Data block:
- - -

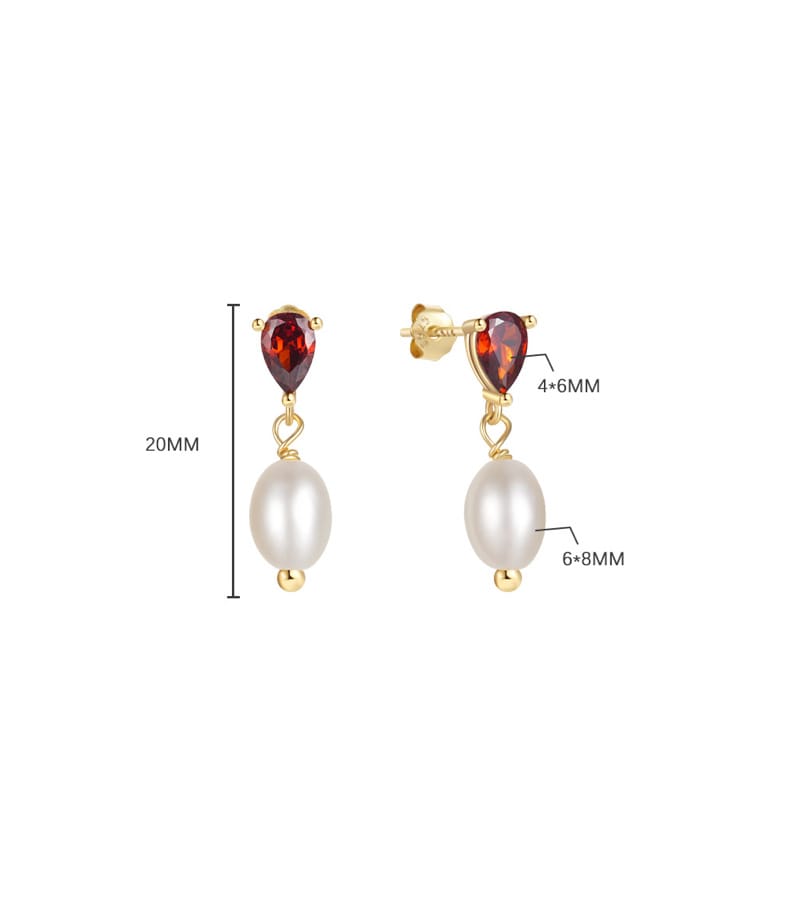 Sterling Silver and Pearl Drop Earrings Supplier Style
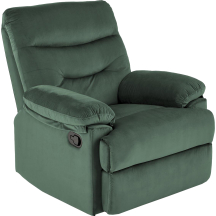 Fotel wypoczynkowy rozkładany DRAGER Ciemny Zielony Podstawowe
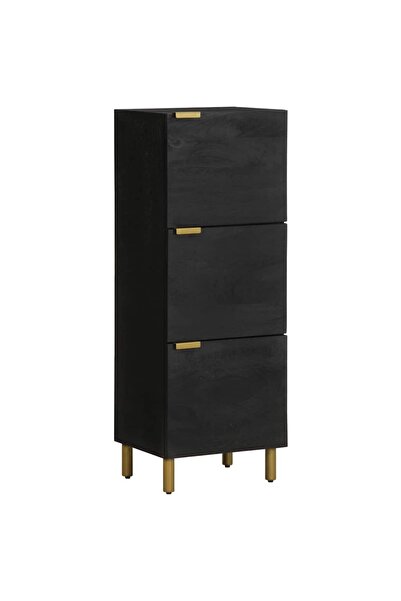 vidaxl Dulap înalt, negru, 40x33x110 cm, lemn prelucrat
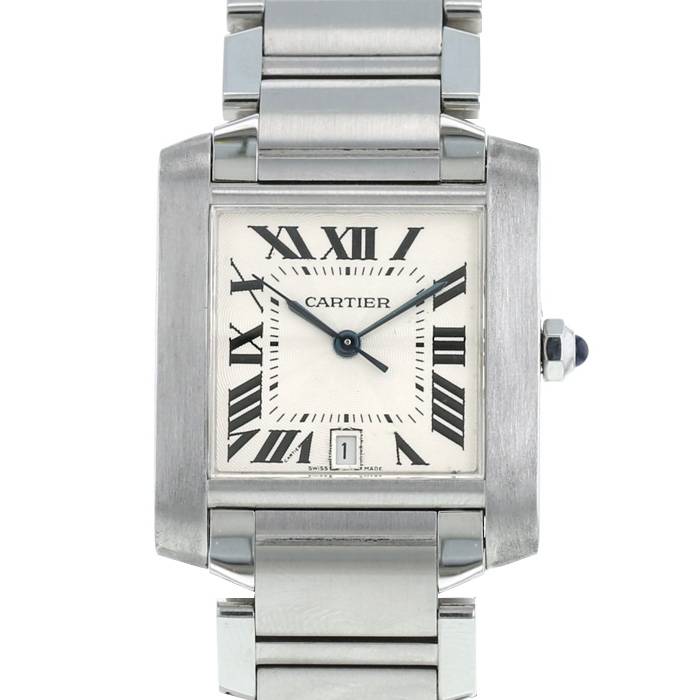 Cartier Tank Française  in stainless steel Ref: Cartier - 2302  Circa 2000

- - -

Task: Quote precisely the lines of the data from the line containing "vidaxl Dulap înalt, negru, 40x33x110" through its final line, both included, excluding pictures.

Problem solution:
 vidaxl Dulap înalt, negru, 40x33x110 cm, lemn prelucrat
 Cartier Tank Française  in stainless steel Ref: Cartier - 2302  Circa 2000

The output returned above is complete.